- **What you are asked to do**
Each line below from the one containing "Robe midi noire" through the one containing "Los Angeles Dodgers" is to be given again exactly, and no line outside that span.

- **Data extracted from a collection**

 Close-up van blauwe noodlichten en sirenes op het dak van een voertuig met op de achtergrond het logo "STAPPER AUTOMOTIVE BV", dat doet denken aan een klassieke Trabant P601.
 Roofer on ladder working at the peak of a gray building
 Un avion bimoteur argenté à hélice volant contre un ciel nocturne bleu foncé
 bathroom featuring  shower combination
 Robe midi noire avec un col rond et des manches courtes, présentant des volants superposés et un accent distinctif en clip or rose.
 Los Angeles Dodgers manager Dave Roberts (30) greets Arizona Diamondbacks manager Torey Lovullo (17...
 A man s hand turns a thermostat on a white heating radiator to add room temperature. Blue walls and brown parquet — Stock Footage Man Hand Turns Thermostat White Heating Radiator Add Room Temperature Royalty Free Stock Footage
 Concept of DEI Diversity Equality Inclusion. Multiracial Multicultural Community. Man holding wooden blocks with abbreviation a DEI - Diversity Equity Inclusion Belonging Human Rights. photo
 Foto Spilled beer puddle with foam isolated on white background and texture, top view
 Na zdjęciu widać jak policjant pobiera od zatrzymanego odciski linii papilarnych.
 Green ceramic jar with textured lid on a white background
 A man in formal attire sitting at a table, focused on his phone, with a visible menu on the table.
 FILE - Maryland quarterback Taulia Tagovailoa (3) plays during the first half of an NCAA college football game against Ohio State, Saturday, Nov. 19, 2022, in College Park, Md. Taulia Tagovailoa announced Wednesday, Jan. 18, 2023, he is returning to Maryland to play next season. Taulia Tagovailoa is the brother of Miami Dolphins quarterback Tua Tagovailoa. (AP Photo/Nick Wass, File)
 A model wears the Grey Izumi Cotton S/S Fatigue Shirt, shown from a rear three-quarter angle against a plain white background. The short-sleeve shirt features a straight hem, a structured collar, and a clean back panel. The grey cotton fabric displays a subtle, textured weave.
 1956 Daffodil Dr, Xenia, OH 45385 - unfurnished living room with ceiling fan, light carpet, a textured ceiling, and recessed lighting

- **Worked solution**
 Robe midi noire avec un col rond et des manches courtes, présentant des volants superposés et un accent distinctif en clip or rose.
 Los Angeles Dodgers manager Dave Roberts (30) greets Arizona Diamondbacks manager Torey Lovullo (17...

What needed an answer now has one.